FG, while justfying its decision to apply for the IPOB to be outlawed, told the Federal High Court in Abuja that its investigations revealed that members of the group imported arms, comprising of pump action rifles, from Turkey.

It said the deal was brokered by a Turkish national that allegedly visited the ‘missing’ leader of the IPOB, Mr. Nnamdi Kanu, shorty after he was released from detention.

The Solicitor General of the Federation, Mr. Dayo Akpata who represented FG, urged the Acting Chief Judge of the high court, Justice Abdu Kafarati, to dismiss the motion IPOB filed to quash the proscription order.

It will be recalled that Custom operatives had between January and September this year, intercepted about four containers laden with arms.

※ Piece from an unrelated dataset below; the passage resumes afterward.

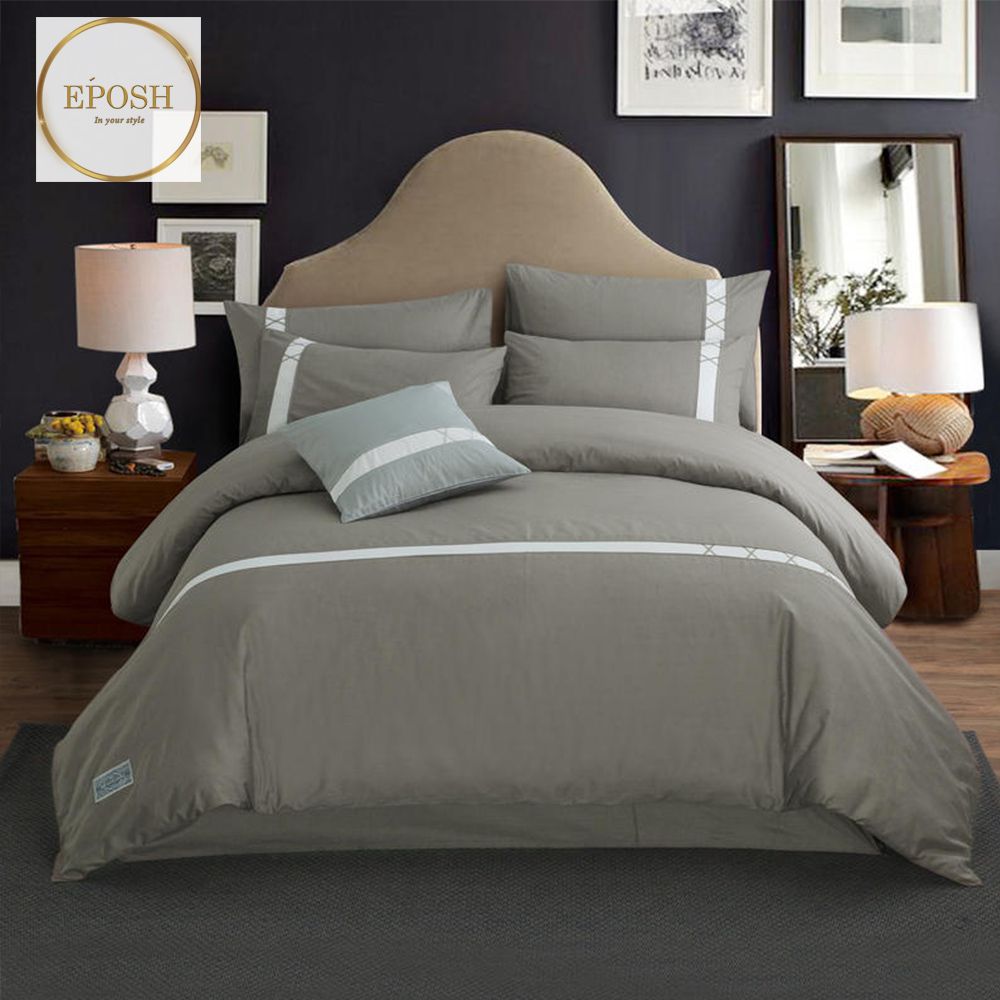 Horizontal Stripe Duvet Set - Smoke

1,100 pieces of pump action rifles that were recovered at the Tin Can port, Apapa, Lagos, on September 19, brought the total of such arms that were seized since January this year, to 2, 671.

Meantime, in a 23-paged counter-affidavit it filed in opposition to IPOB’s motion dated September 21, FG, told the court that the secessionist group “have been associated with violent activities”.

It said: “Furthermore, the leader of the Respondent/Applicant, one Nnamdi Kanu has been openly advocating for armed struggle via his speeches, calling Nigeria a zoo, threatening that Nigeria will burn if he is arrested, etc. The intent of the Respondent/Applicant from the onset is to cause confusion and plunge the country into crisis.

“That Biafra is not a region in Nigeria and there are also no States known as Biafran States under the 1999 Constitution of the Federal Republic of Nigeria, as amended.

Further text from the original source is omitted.